## WHAT IS EXPECTED
Look below for the line with "It also has an" and the line with "This is a 2010". Copy exactly those two lines and every line between, but not the pictures.

## DATA SUPPLIED
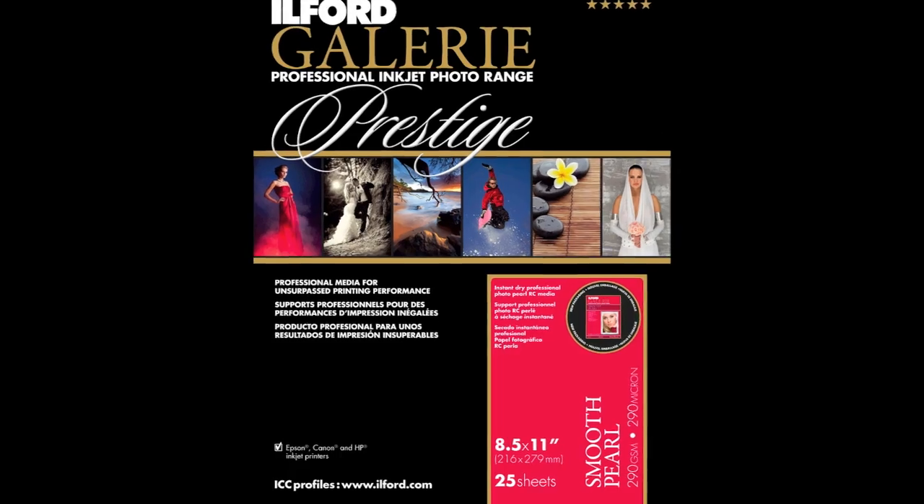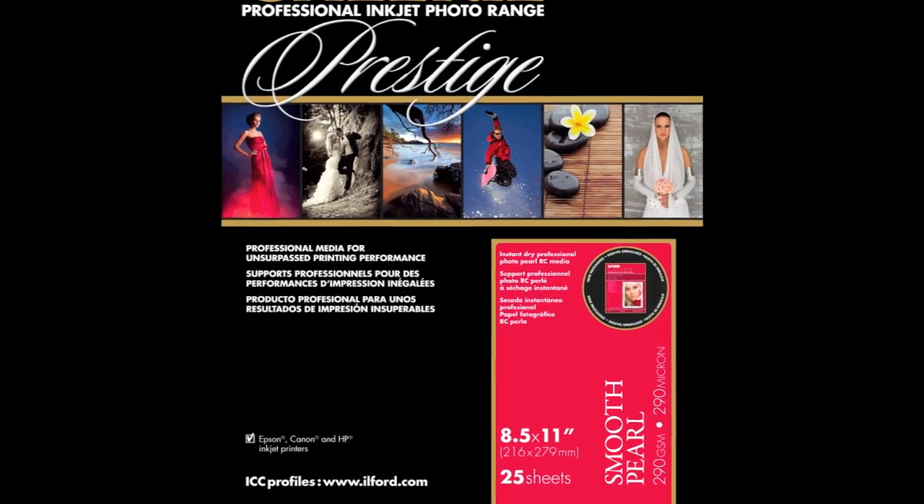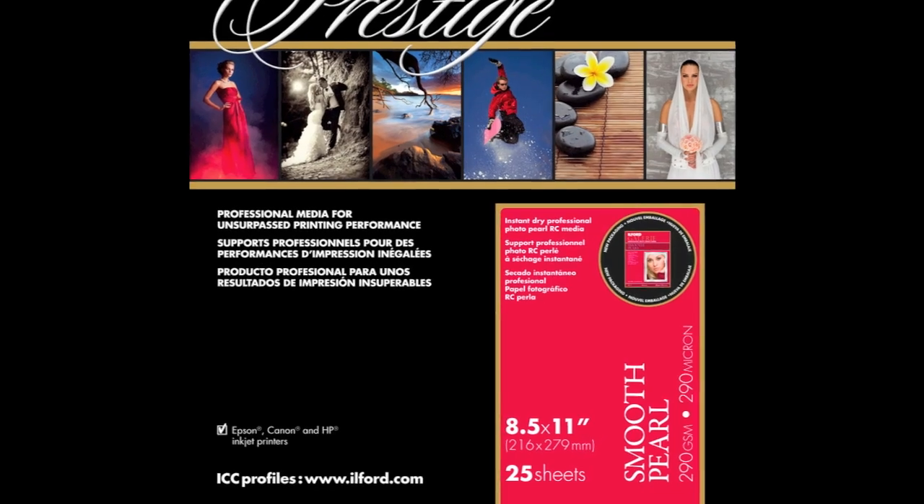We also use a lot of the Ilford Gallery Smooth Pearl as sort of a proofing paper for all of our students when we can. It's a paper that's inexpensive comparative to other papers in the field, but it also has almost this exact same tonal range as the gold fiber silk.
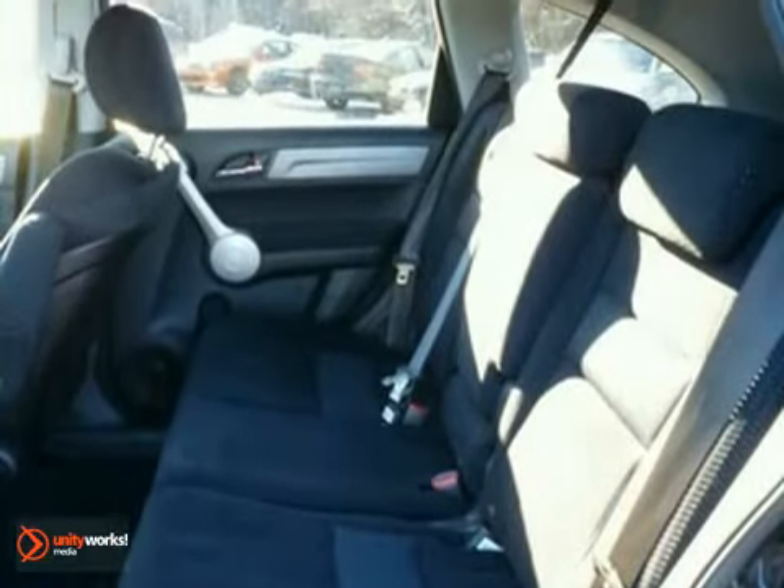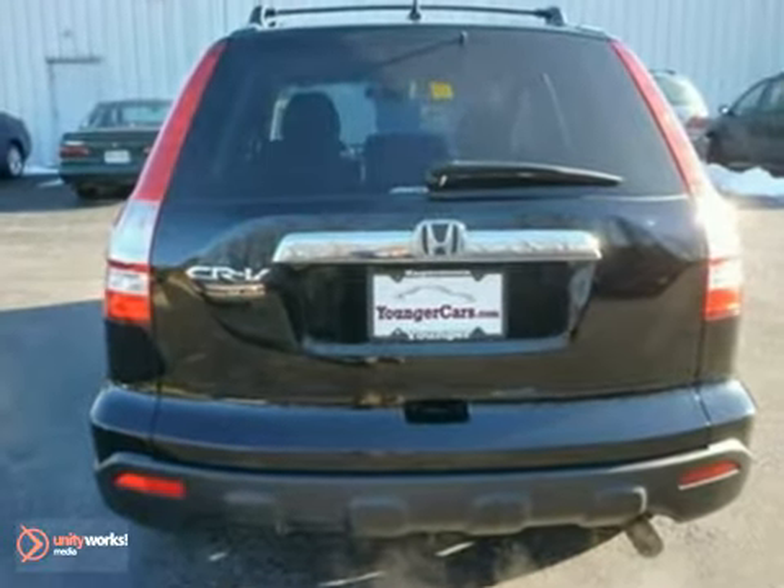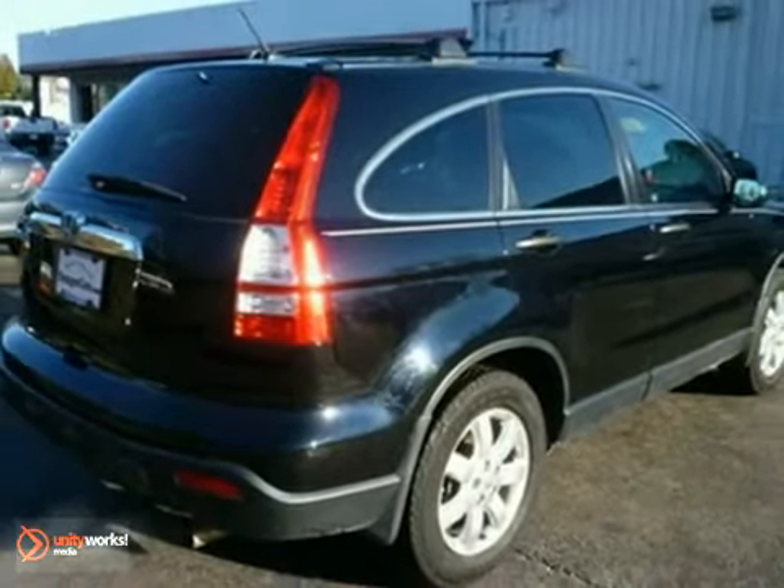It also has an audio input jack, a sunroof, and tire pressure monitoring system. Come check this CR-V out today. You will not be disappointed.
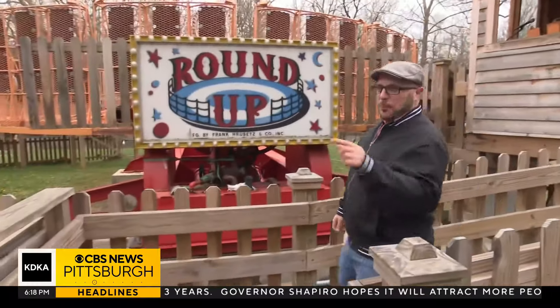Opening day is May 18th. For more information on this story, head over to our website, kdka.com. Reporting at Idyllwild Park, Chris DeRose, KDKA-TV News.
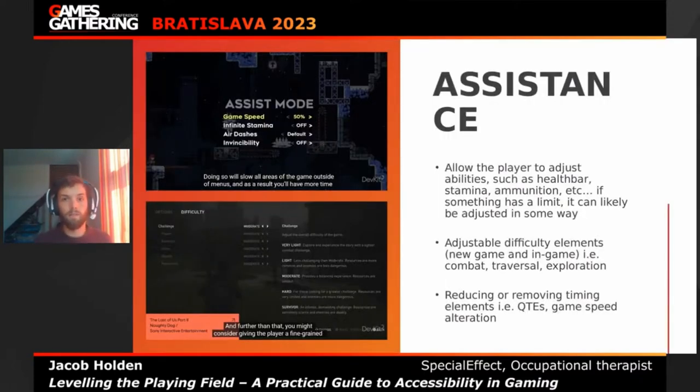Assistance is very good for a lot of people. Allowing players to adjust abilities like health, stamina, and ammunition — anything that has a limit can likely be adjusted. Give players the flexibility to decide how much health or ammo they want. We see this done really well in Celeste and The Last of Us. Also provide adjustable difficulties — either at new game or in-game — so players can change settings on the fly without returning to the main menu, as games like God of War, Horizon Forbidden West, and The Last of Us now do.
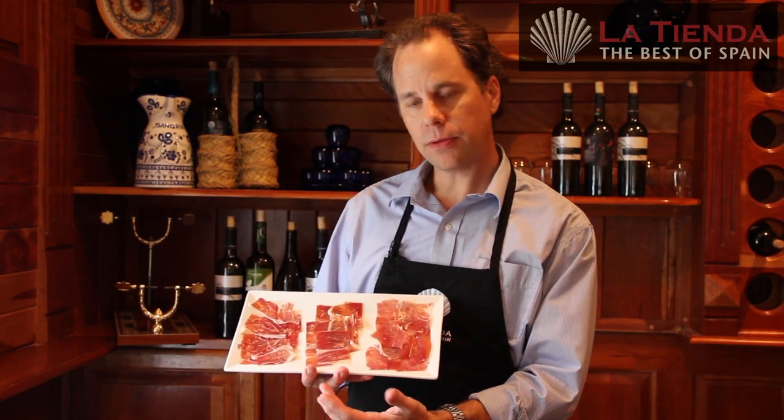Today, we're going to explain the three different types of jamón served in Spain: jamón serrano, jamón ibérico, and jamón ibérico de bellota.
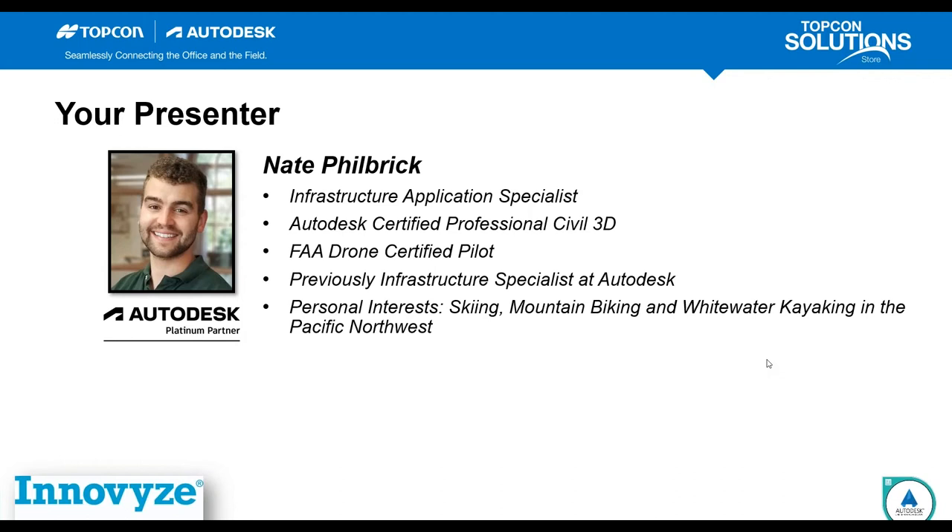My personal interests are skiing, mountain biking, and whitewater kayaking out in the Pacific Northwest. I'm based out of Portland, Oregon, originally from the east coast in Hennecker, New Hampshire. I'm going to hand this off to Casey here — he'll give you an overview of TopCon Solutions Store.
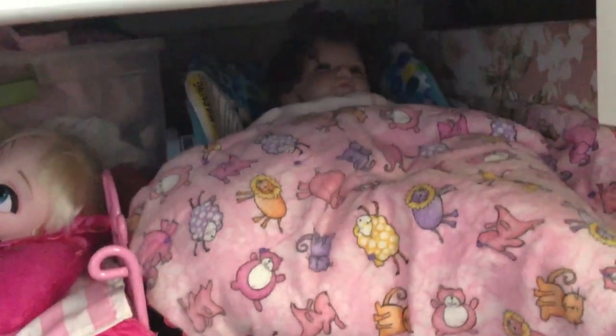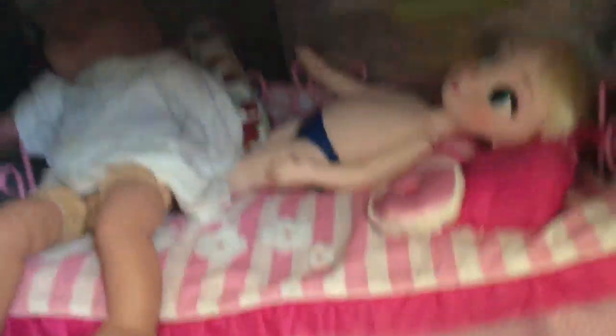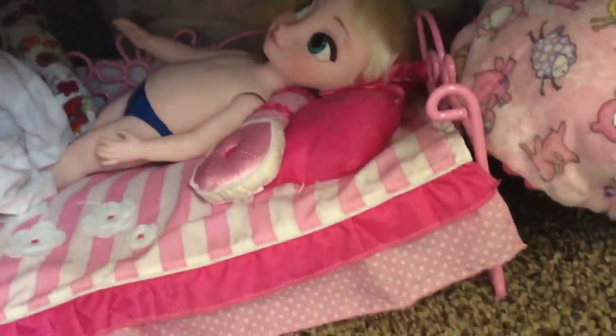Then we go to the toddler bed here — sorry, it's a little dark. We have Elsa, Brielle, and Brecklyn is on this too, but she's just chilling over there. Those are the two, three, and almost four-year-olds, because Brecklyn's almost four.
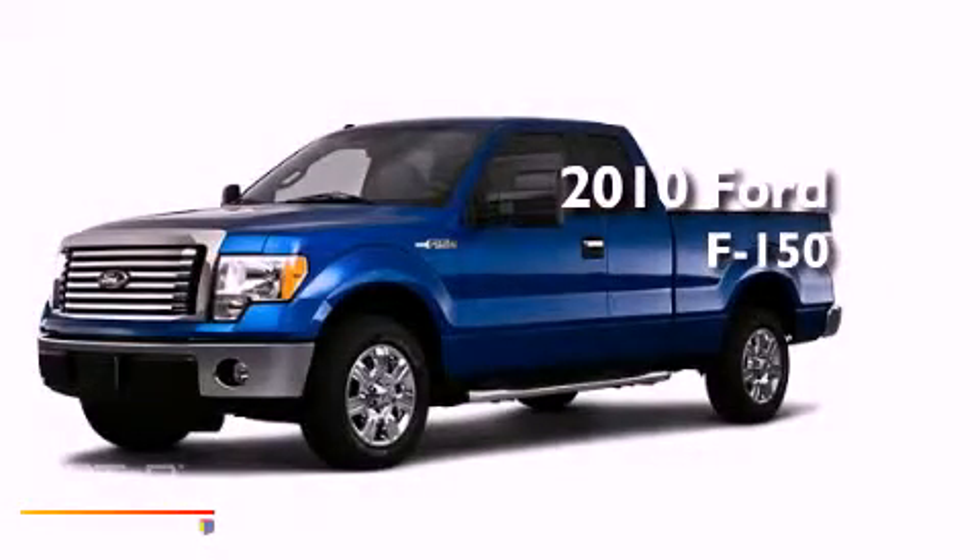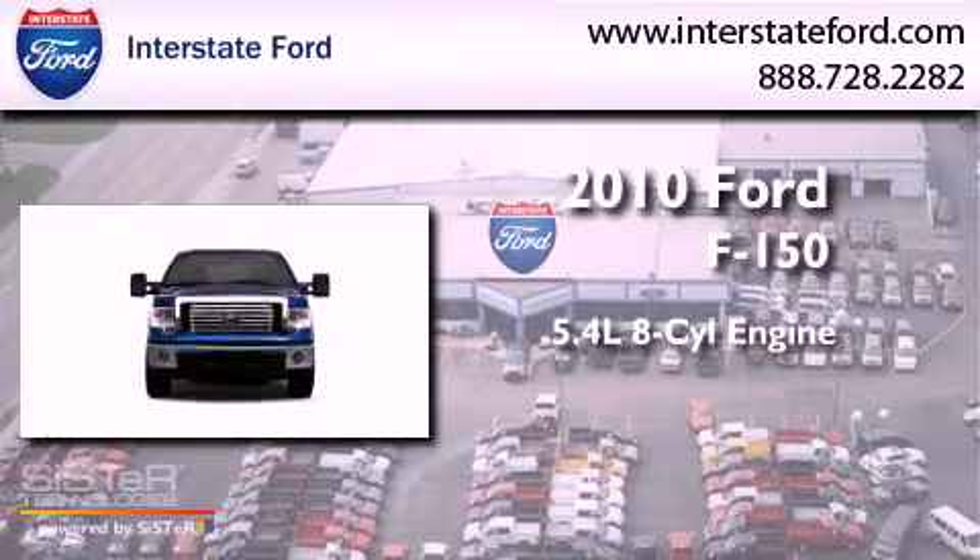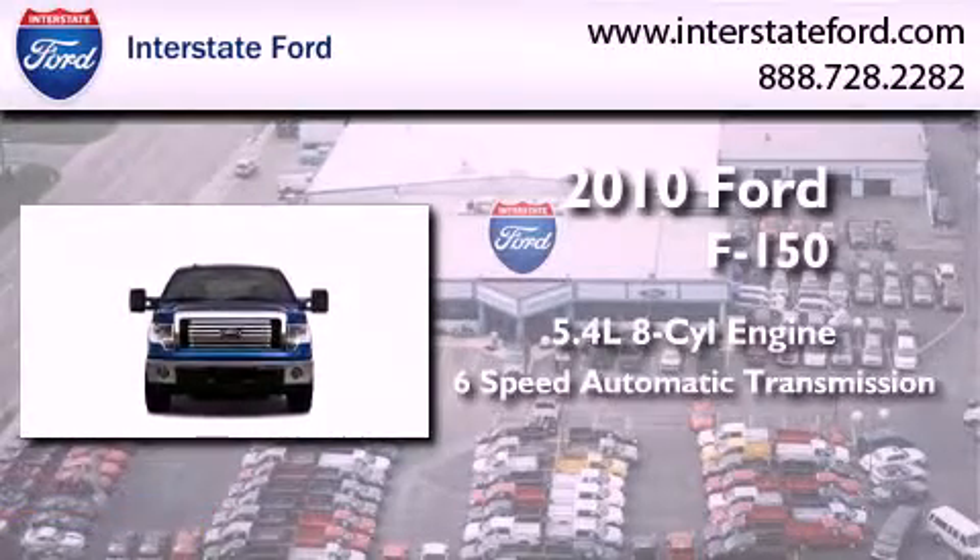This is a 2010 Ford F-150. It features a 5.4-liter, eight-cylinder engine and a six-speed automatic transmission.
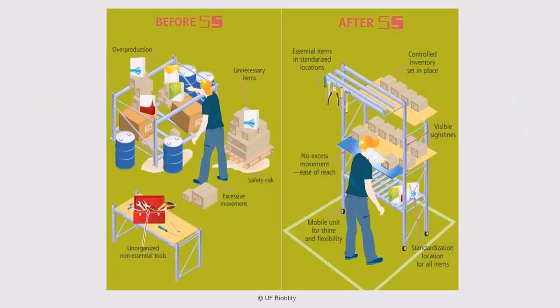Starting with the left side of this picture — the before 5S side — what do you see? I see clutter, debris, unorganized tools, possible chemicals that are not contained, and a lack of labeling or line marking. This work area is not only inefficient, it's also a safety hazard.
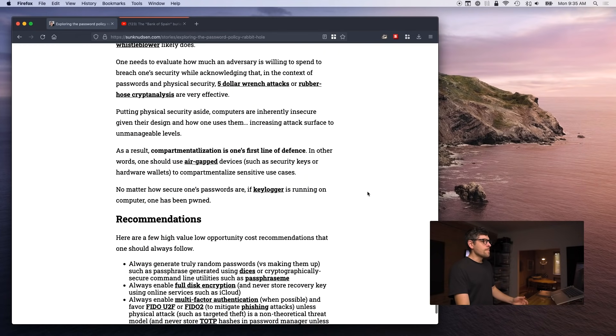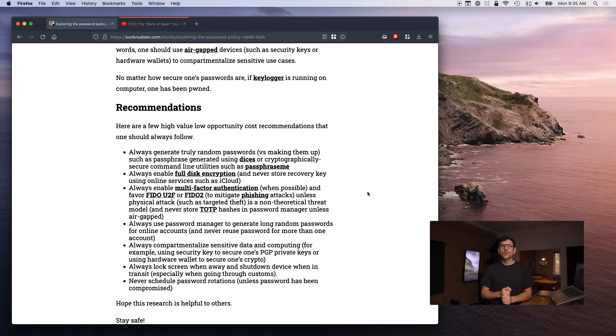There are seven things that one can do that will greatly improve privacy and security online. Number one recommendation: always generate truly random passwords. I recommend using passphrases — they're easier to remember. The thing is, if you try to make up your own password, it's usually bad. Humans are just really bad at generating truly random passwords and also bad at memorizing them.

## RESULT BELOW
It also has an audio input jack, a sunroof, and tire pressure monitoring system. Come check this CR-V out today. You will not be disappointed.
Opening day is May 18th. For more information on this story, head over to our website, kdka.com. Reporting at Idyllwild Park, Chris DeRose, KDKA-TV News.
Assistance is very good for a lot of people. Allowing players to adjust abilities like health, stamina, and ammunition — anything that has a limit can likely be adjusted. Give players the flexibility to decide how much health or ammo they want. We see this done really well in Celeste and The Last of Us. Also provide adjustable difficulties — either at new game or in-game — so players can change settings on the fly without returning to the main menu, as games like God of War, Horizon Forbidden West, and The Last of Us now do.
Today, we're going to explain the three different types of jamón served in Spain: jamón serrano, jamón ibérico, and jamón ibérico de bellota.
My personal interests are skiing, mountain biking, and whitewater kayaking out in the Pacific Northwest. I'm based out of Portland, Oregon, originally from the east coast in Hennecker, New Hampshire. I'm going to hand this off to Casey here — he'll give you an overview of TopCon Solutions Store.
Then we go to the toddler bed here — sorry, it's a little dark. We have Elsa, Brielle, and Brecklyn is on this too, but she's just chilling over there. Those are the two, three, and almost four-year-olds, because Brecklyn's almost four.
This is a 2010 Ford F-150. It features a 5.4-liter, eight-cylinder engine and a six-speed automatic transmission.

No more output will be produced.